Bill calling for witness protection could encourage tips in SWFL crimes

FORT MYERS, Fla.- Solving crime in Lee County has proven to be a challenge for law enforcement.

Many crimes remain unsolved, despite police and sheriff’s deputies attempts to gather information from witnesses. Some residents are too afraid to come forward, in fear of retaliation. Trish Routte with Southwest Florida Crime Stoppers is looking to fade that fear.

“Right now in our community, there’s so much apathy. People know information about these crimes, people see these crimes, they’re there when it happens, yet when it comes time to getting information from them… ‘What did you see, what do you know?’ [They say] I didn’t see anything, they all of sudden clam up,” said Routte.

A Tampa legislator’s new proposal could directly combat this issue statewide.

Rep. Ed Narian (D) of Tampa says the “Stop Snitching” culture is plaguing many cities in Florida,

“That culture is keeping a lot of good people from coming out and talking to the police about things they may have seen, so the goal of this bill is to really try and stop that from happening.”

Narain proposed the measure that would protect the identities of witnesses who come forward with information and work with police.

“We have got to get creative,” said Routte. “We have got to find any means possible to make sure that the violent offenders in our community aren’t ruling our community. The good people of Southwest Florida need to rule their community. They need to feel safe in their community, they need to be able to go out and do what they want wherever they want, be it downtown, be it at a park, a mall, wherever and feel safe in that environment.”

If passed, the bill would prohibit the disclosure of personal identifying information, making an exemption from the Florida public records law. The exemption would last until the end of a prosecution period, or the statute of limitations to a crime.

This is not the first time elected officials in Florida have considered granting anonymity to witnesses or tipsters.

Southwest Florida Crime Stoppers offers an anonymous tip line for anyone with information on crimes to call. Routte says operators do not ask for any personal information from callers.

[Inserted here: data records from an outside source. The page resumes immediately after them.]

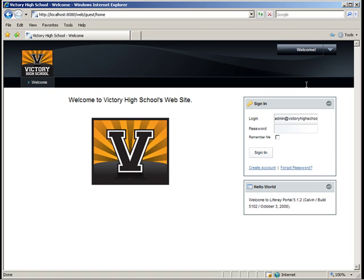In this LifeCast, you learned how to create and post a simple article using the journal and journal content portlets. Thanks for listening. Please visit our forums or wiki for more information. You can find these at www.liferay.com in the community section.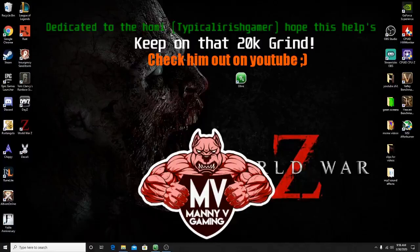What is up, pick gang? It's your boy Manny VGaming coming to you live. Today I'm going to be showing you how to edit your videos like a pro — get that YouTube channel nice, crisp, and clean. So let's get started.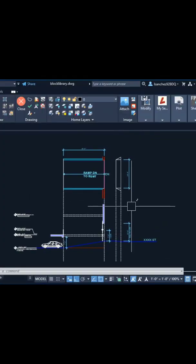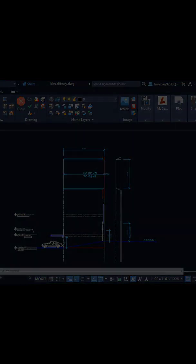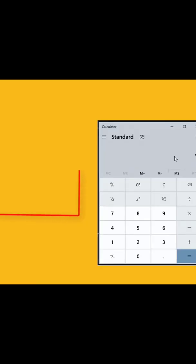Yesterday I was sitting at my work desk when suddenly I received a phone call. The caller wanted to know if it is possible to automate slope calculations for parking ramp sections, explaining that he always has to manually use a calculator to finish his ramp sections.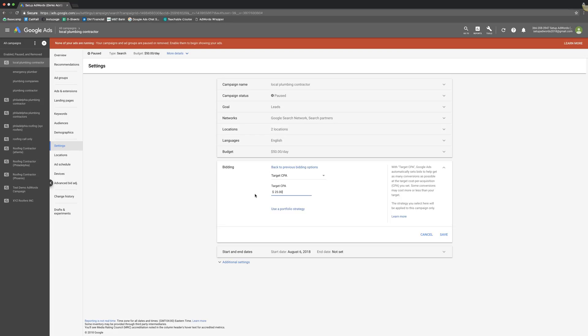It just works best when you already have a campaign that is getting, you know, 15 to 20 leads a month or something like that. And then you turn this on to get more and get them for a more affordable cost. Basically the more conversion data you have, the better the strategy is going to work out for you. So that's just something to keep in mind when you're testing this.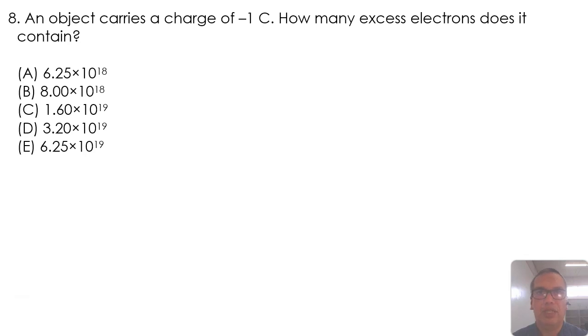An object carries a charge of negative 1 Coulomb. How many excess electrons does it contain?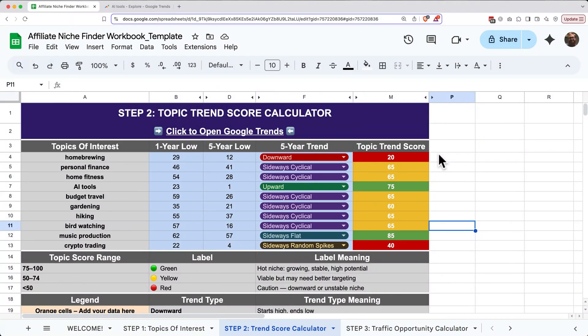For affiliate marketing, we're looking for topics that are stable or growing. Those are the ones that are most likely to bring in consistent traffic over time. So now that we've got a sense of trend health, let's move on to the second part of our three-part scoring system: search traffic opportunity.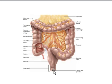That concludes today's lecture. The second part will cover the accessory organs of the digestive system. Thank you.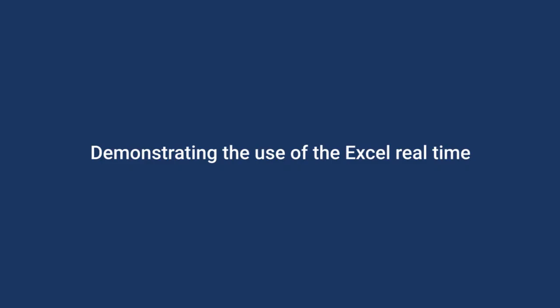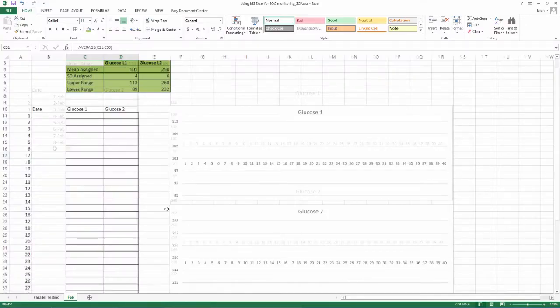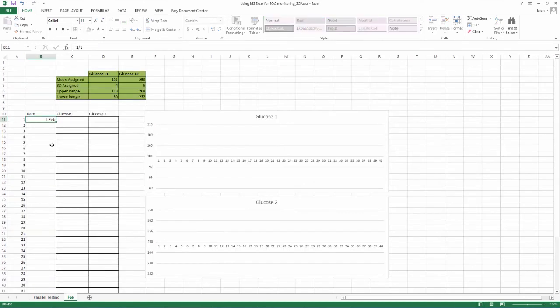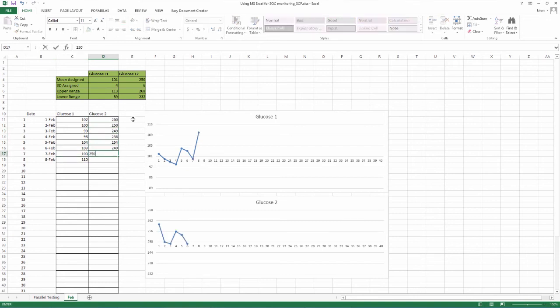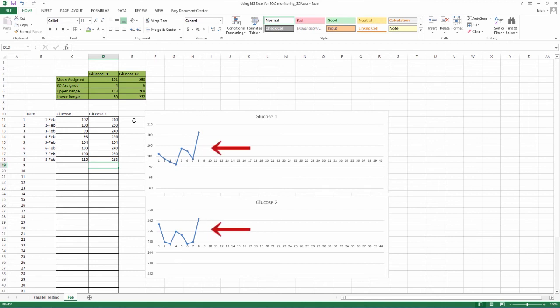Demonstrating the use of the excel real time. Now, let us input some values and see the developing graph mean and SD. 8 values have been put in from Feb 1 to Feb 8 for both L1 and L2 and as the values are input, the graph develops. What do you see on 8th Feb? A 22s violation. As the graphs are seen simultaneously, this becomes readily evident.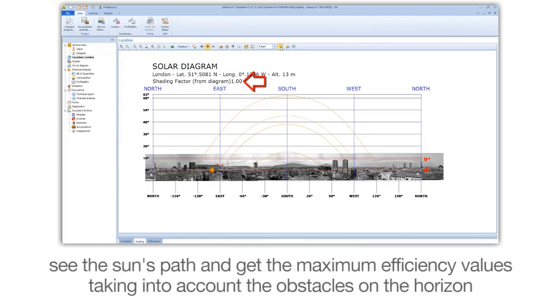See the sun's path and get the maximum efficiency values taking into account the obstacles on the horizon.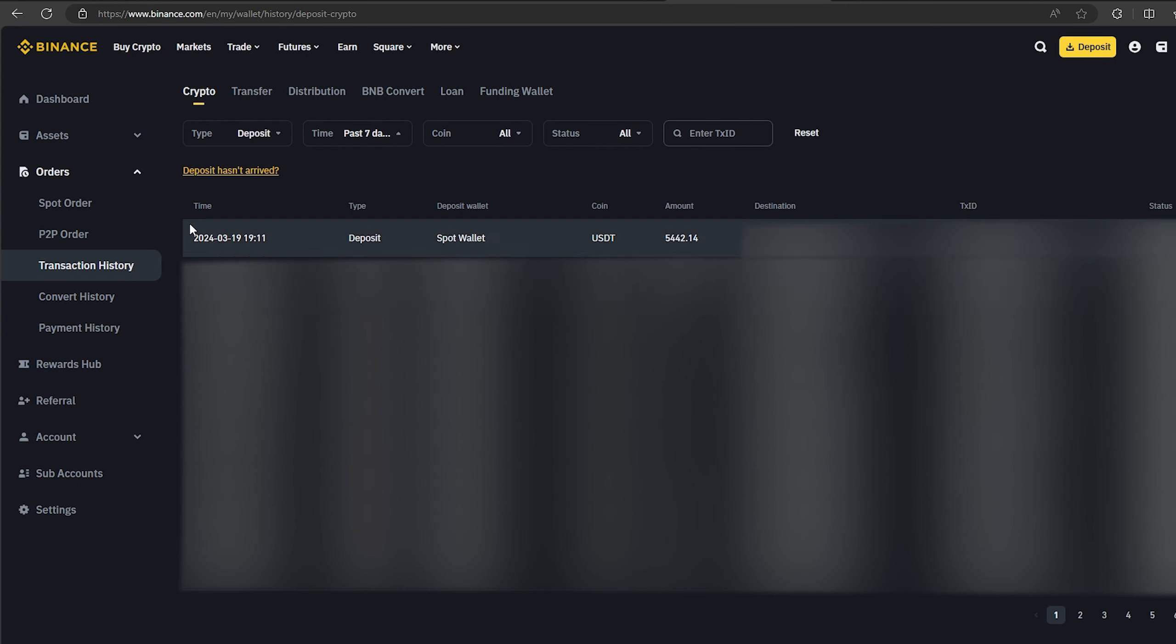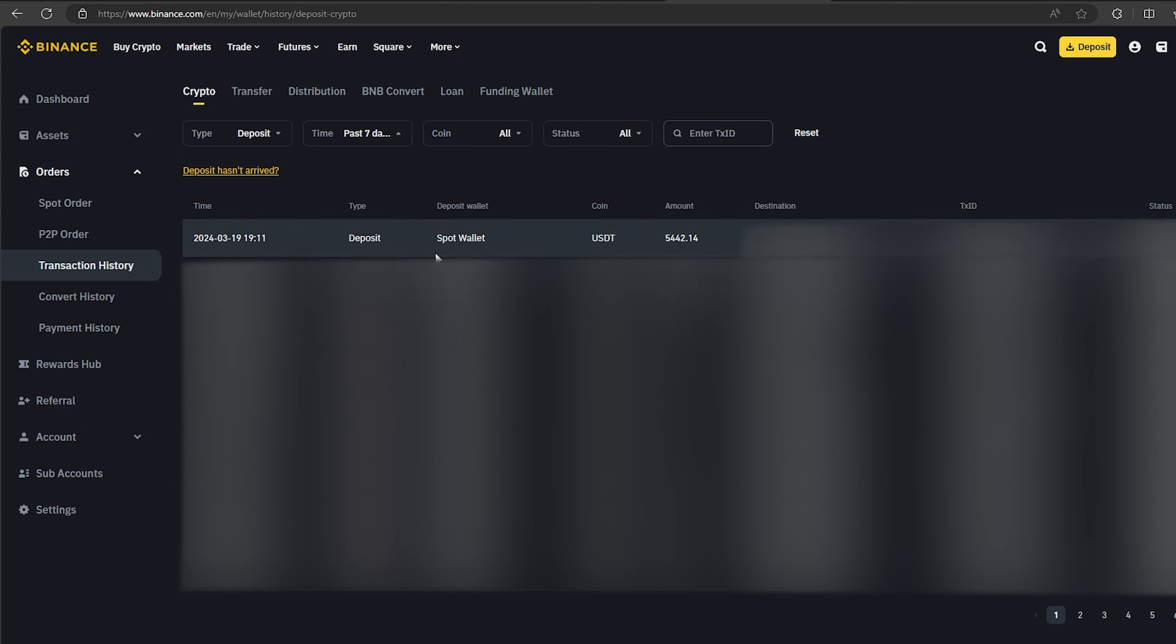As you can see, in just one round we have earned almost $500. I will continue to run this scheme and I advise you to as well. Now I will make another circle with $50,000.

Lee County Sheriff Mike Scott has also spoken out about the lack of tips in many crimes in the area, specifically, violence in the Dunbar area.

He kick-started another anonymous form of delivering tips, by providing community members with pre-stamped envelopes sent directly to his office.

Routte says community members living in fear is unacceptable.

“That mentality that you have to worry about every single move your kids make, are they going to be safe? Are they going to be caught in the middle of a drive-by? That is unacceptable on every level.”

She agrees any method to help tipsters feel safer and more comfortable coming forward could spark an increase in tips.

“We need that mentality to change. We need people to work with law enforcement. We need to work together because separately, we’re not going to solve crimes. Law enforcement needs the community and the community needs law enforcement. It’s a symbiotic relationship. If we work together, we’re going to be able to put these guys behind bars.”

The bill has not been scheduled for a hearing yet.